As part of the project which has me working on a rug, Jamie has been beautifully redoing the dining room floor (note: do you realize we didn’t take a ‘before’ picture yet again?).  This is a both trickier and less work than one might suppose.  It is less work than a modern floor for several reasons.  The first is that the boards, long, narrow tongue-and-groove; are rock hard and absolutely not in need of any sanding.*  Secondly, they are shellac floors.  This means that striping them is neither needed nor desired.  Clean them, rub them down with alcohol once or twice, and then a new coat can be put on.  It is tricky, however, because a shellac floor is very hard to get evenly reflective.  In an area such as the dining room, where low angle sunlight is common, and where the eye has a large expanse of floor to look across, any mistake or miss is easily seen.

However, the end result is a floor the colour of dark amber, not a solid colour but a shifting array of hues with a mirror shine.  This of course brings one to the diffuse light thing.  Mirrors are a well-known method of bringing more light into a room.**  I have observed with other rooms that once the floors are redone, the light level goes up: the floor bounces a warm light back up.  It will be very interesting to see what the effect is in the dining room.  It should be even greater than other rooms, because the ceiling is a smooth white plaster, unlike the other rooms which are painted or coloured rough plaster.

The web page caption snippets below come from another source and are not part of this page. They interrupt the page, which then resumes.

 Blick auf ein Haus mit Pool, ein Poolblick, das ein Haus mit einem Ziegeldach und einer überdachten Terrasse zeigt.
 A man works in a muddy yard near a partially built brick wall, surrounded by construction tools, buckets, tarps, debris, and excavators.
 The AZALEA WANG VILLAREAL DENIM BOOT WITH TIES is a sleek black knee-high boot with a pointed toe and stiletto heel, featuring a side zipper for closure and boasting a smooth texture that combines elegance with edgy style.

*He who sands old floors (beyond more than a light hand sanding to remove) ought to be summarily disposed of. 

**This can be taken to far: there was a memorable entirely mirrored, entirely round bathroom in Graz, Austria that I encountered.  It would have been too much at any time of day…never mind on a night out.

Workspaces Tuesday, Sep 4 2012 

A house such as this requires either oodles of cash or the DIY spirit.  Not even approaching the former, needs must that the spirit be cultivated.  The problem, of course, is that the variety of talents required is quite large, the original quality that needs to be matched is quite high, and I am hardly a talented individual.*  

Be that as it may, there are a few first principles inherent to any job.  One of those is good preparation of the workspace.  A workspace that is cleared of unnecessary items, organized, and contains all the known needed bits is a great advantage.  Taking five minutes to move a chair that is only ‘sort of’ in the way may save an hour of dancing around it, or many hours repairing its upholstery or finish when you bash it with a ladder. 

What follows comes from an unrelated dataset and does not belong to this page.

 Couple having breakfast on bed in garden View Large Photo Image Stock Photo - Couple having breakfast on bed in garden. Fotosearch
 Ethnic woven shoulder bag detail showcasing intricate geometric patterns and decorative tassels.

In the present instance, this means taking an oriental rug which I could work on in situ and setting up to repair it elsewhere.  I suspect I’ll get the job done much faster than the previous rugs, which I have always worked on without moving them.  Importantly, the workspace is dedicated, meaning I can leave the project without tidying it out of sight, maneuverability is increased, and rather than working on the floor I can work standing up.

 

*I can be defeated by a power drill.  Being something of a Luddite, a standard non-powered drill and screwdriver do not give me the same problems.